Later on in the story, Sayavedra dies in a storm at sea. Everyone feels sorry for Guzmán's loss of a trusted servant and friend. Guzmán describes smugly how they all pity him but avers that he only pretends to feel sad. Had Sayavedra taken the trunks full of booty with him to his watery grave, it would have been a different matter, according to Guzmán (IV, 142). It is obvious that he has never really forgiven Sayavedra for his treachery, else this lack of natural feeling at his death would be inexplicable on the literal level of the story.
These recurrent episodes of revenge are opposed in the action to recurrent ‘conversions’. When Guzmán is left crying with disappointment because the old woman who tricked him was not killed, the clergymen who hear him are horrified and they proceed to preach him a seven-page sermon on the absolute necessity for forgiveness and love for the Christian. Guzmán reacts with repentant enthusiasm and continues with an emotional sermon of his own on the same subject. This repentance lasts until the very next innkeeper also tricks him. Whereupon Guzmán reacts with vengefulness again.
After Guzmán's refusal, as a matter of revenge, to return to the cardinal, he runs out of money. He is then driven, by sheer economic necessity, to return. He puts his change of mind, however, in religious terms. He is like an ‘hijo pródigo’, he says, humble enough now to be a servant. He emphasizes the strength and purity of his intentions: ‘Ya yo estaba rendido y me quería subjetar con muy determinada voluntad en la enmienda.’ Unfortunately, the cardinal has died, so Guzmán becomes instead the ‘gracioso’ and pimp of the French ambassador. The first part of the novel ends without Guzmán admitting that his good resolutions have dissolved, although in the Second Part he says openly that he is a pimp. But this can be deduced by the end of the first Part by the fact that Guzmán mentions that he carries messages to ladies from the ambassador.
Our protagonist next comes to grief in the employ of the ambassador, and, as usual when his fortunes are at a low ebb, he repents. He feels an emotional revulsion (which, Parker has asserted, comes only at the final ‘conversion’ [43]) for his evil life: ‘Quedé tan avergonzado, tan otro yo por entonces, tan diferente de lo que antes era, cual si supiera de casos de honra o si tuviera rastro della’ (III, 191). Guzmán's usefulness to the ambassador being impaired by the fact that the whole town is talking of his misadventures, he decides to leave, ‘llevando propuesto de allí adelante hacer libro nuevo, lavando con virtudes las manchas que me causó el vicio’ (III, 195). When he says goodbye to the ambassador, the latter's exhortation to ‘virtud’ brings tears to Guzmán's eyes. But this reaction to the discourse of a rake on the subject of virtue makes Guzmán's emotion seem shallow indeed.
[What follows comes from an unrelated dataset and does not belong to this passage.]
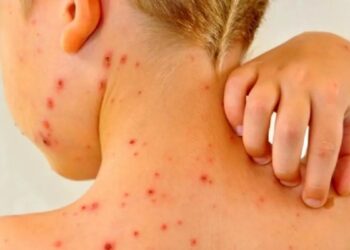 Alarma en CABA por un brote feroz de sarampión: empezó en Palermo y ya golpea a otros barrios
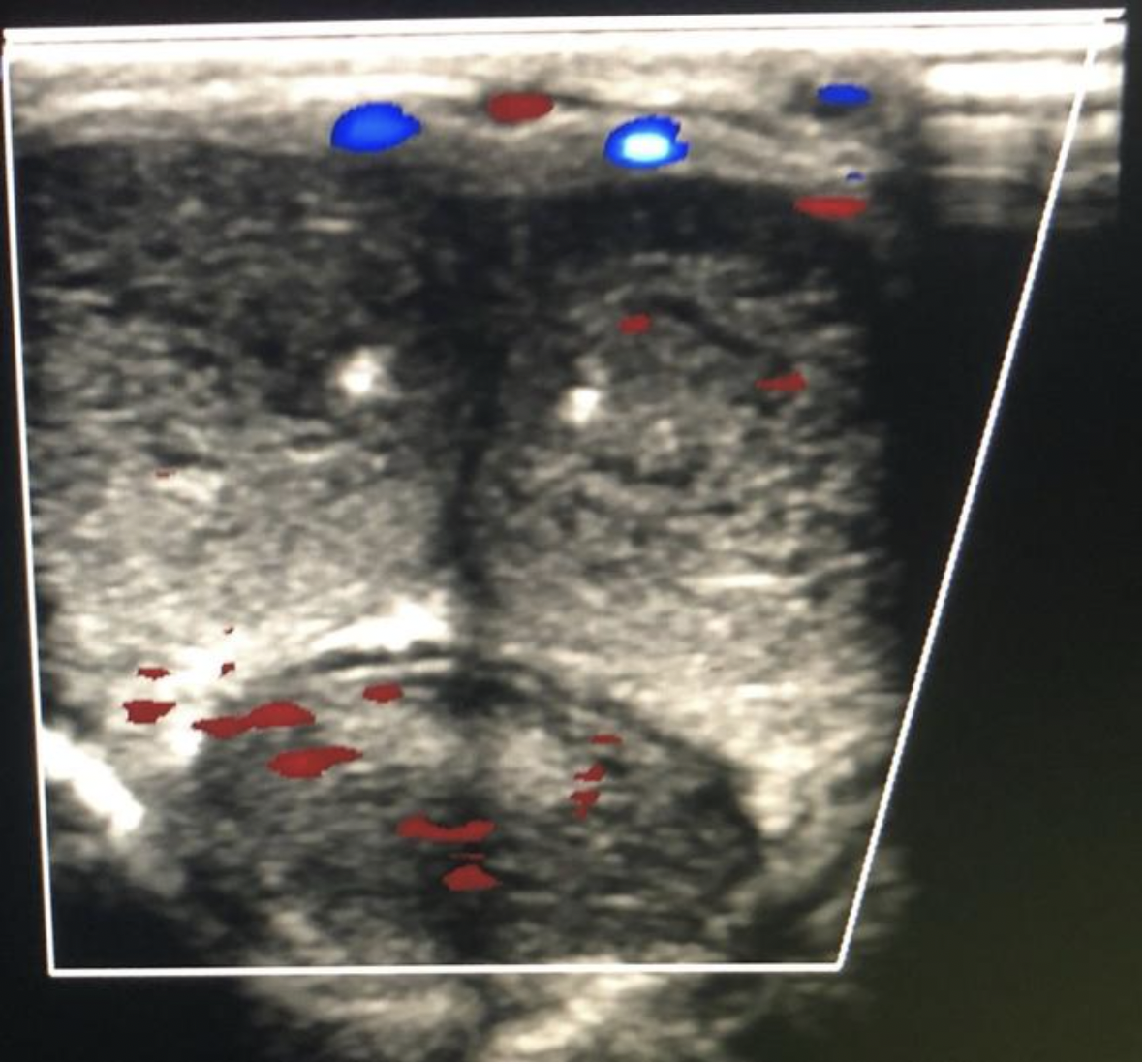 <p>Find the area where the urethra would normally be found</p>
Another of Guzmán's short-lived changes of heart has been misinterpreted by Moreno Báez. Guzmán meets an adventuress who steals his money. Moreno Báez quotes Guzmán to show his Christian forgiveness (110). Readers and critics, however, should always take Sempronio's advice to Calixto, ‘Lee más adelante, buelve la hoja.’ The hidden reason for Guzmán's forbearance is that he is still lusting after her. A very small sample of the reflections which culminate in Guzmán's decision to forgive is the following:
Oh majestad inmensa divina, ¡qué mucho te ofendemos, qué poco se nos hace y cuán fácilmente lo perdonas! … Y pues lo mejor de las cosas es el poderse valer dellas a tiempo, y conozco que se debe tener tanta lástima de los que yerran, como embidia de los que perdonan, quiéromela tener a mí. Allá se lo haya: yo se lo perdono.
(IV, 201)
Later the following night, however, Guzmán says:
Veréis cual sea la mala inclinación de los hombres, que con haber hecho aquel discurso en favor de la mujer que me llevó aquella miseria, me picaban tábanos por hallarla y di cien vueltas aquella noche por la propia calle, pareciéndome que pudiera ser volver a verla otra vez en el mismo puesto, sin saber por qué o para qué lo hacía, mas de así a la balda, hasta hacer hora.
(IV, 203)
Guzmán's emotional sermon to himself is now dismissed as ‘aquel discurso’. His words of religious exaltation and Christian forgiveness are contrasted to his deeds of lust. And it is all due, Guzmán says, to ‘la mala inclinación de los hombres’, that is to say, to Original Sin.
Now that we have examined patterns of contrasting elements in the tone and logic and in the action of the novel, a look at a few of the Biblical images and allusions is in order. The same pattern prevails here.
In the episode of the storm at sea, in which Sayavedra loses his life, Guzmán compares himself to Jonah (IV, 141). Allusions to the book of Jonah occur at least four times in the novel (II, 125), (IV, 41), (V, 155). The context of the allusion to Jonah in the storm episode shows Guzmán to be pitiless and merciless not only with regard to Sayavedra, but also to the other passengers and crewmen. The storm was so bad that everyone was afraid, and began to pray to God for mercy. Guzmán's description of the scene illustrates for us his lack of pity. The penitence and fear of others is viewed with cold detachment by our protagonist (IV, 140).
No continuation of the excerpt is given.